Como tal, los escritos de d’Oresme, mientras que inyectaban material para desarrollos posteriores, no podían por sí mismos derribar el viejo dogma. En su mayor parte sirvieron como poco más que curiosos comentarios sobre las obras de Aristóteles.

Por supuesto, la Edad Media no estuvo totalmente desprovista de ideas originales, investigación científica y desarrollo. Sin embargo, los involucrados en tal trabajo se toparían en primer lugar con las limitaciones de la fracturada estructura feudal de la sociedad, que a menudo impedía la difusión del pensamiento más allá de sus estrechos límites. Más grave aún, la Iglesia y sus partidarios seculares bloquearon tales procesos con un poder brutal con el que contaban. Las líneas de pensamiento que desafiaban el status quo se suprimían, los libros se quemaban y, a veces, sus autores también. Incluso el pensamiento religioso, si caía en desgracia de las autoridades, podía enviarte a la hoguera. Las únicas áreas en las que la ciencia prosperó abiertamente fueron en los campos de la arquitectura, la construcción naval y, por supuesto, la guerra, áreas en las que predominaban las demandas seculares. La ciencia y la filosofía fueron profesiones muy peligrosas, al menos hasta el comienzo del Renacimiento y, en ciertas partes de Europa, durante varios siglos después.
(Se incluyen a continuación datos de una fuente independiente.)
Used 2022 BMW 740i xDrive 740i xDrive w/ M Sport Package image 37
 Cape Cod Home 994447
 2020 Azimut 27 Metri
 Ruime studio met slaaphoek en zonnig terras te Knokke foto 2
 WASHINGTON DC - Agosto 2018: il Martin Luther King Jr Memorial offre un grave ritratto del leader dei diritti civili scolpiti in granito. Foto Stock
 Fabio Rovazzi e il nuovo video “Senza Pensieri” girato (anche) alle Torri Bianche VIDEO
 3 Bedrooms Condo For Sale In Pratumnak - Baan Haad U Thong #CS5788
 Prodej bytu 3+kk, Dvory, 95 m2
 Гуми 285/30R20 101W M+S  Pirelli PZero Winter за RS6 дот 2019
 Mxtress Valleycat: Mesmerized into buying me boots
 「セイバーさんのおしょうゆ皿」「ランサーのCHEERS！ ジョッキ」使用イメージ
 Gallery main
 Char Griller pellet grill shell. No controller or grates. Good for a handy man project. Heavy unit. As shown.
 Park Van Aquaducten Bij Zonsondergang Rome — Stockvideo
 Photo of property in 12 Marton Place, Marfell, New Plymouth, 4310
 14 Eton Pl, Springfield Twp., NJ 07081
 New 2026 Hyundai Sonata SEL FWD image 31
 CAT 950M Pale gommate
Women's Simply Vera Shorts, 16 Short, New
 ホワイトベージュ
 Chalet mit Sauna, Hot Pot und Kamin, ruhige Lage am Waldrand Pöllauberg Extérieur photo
Copérnico y la revolución científica

Antes de que una revolución en la física fuera posible, otra revolución tenía que tener lugar en la sociedad. Junto con las fuerzas productivas, limitadas por la vieja superestructura, la ciencia misma tuvo que ser liberada de su posición servil. Tal tarea no podría tener lugar solo en el ámbito de las ideas, sino que tendría que comenzar como una lucha física en la sociedad, que se extendería a la ciencia. Y, de hecho, la lucha por liberar la ciencia adquirió una forma extremadamente brutal y sangrienta, y proporcionó su cosecha de mártires bajo las persecuciones de las iglesias católicas y protestantes en el período de las revoluciones burguesas en Europa.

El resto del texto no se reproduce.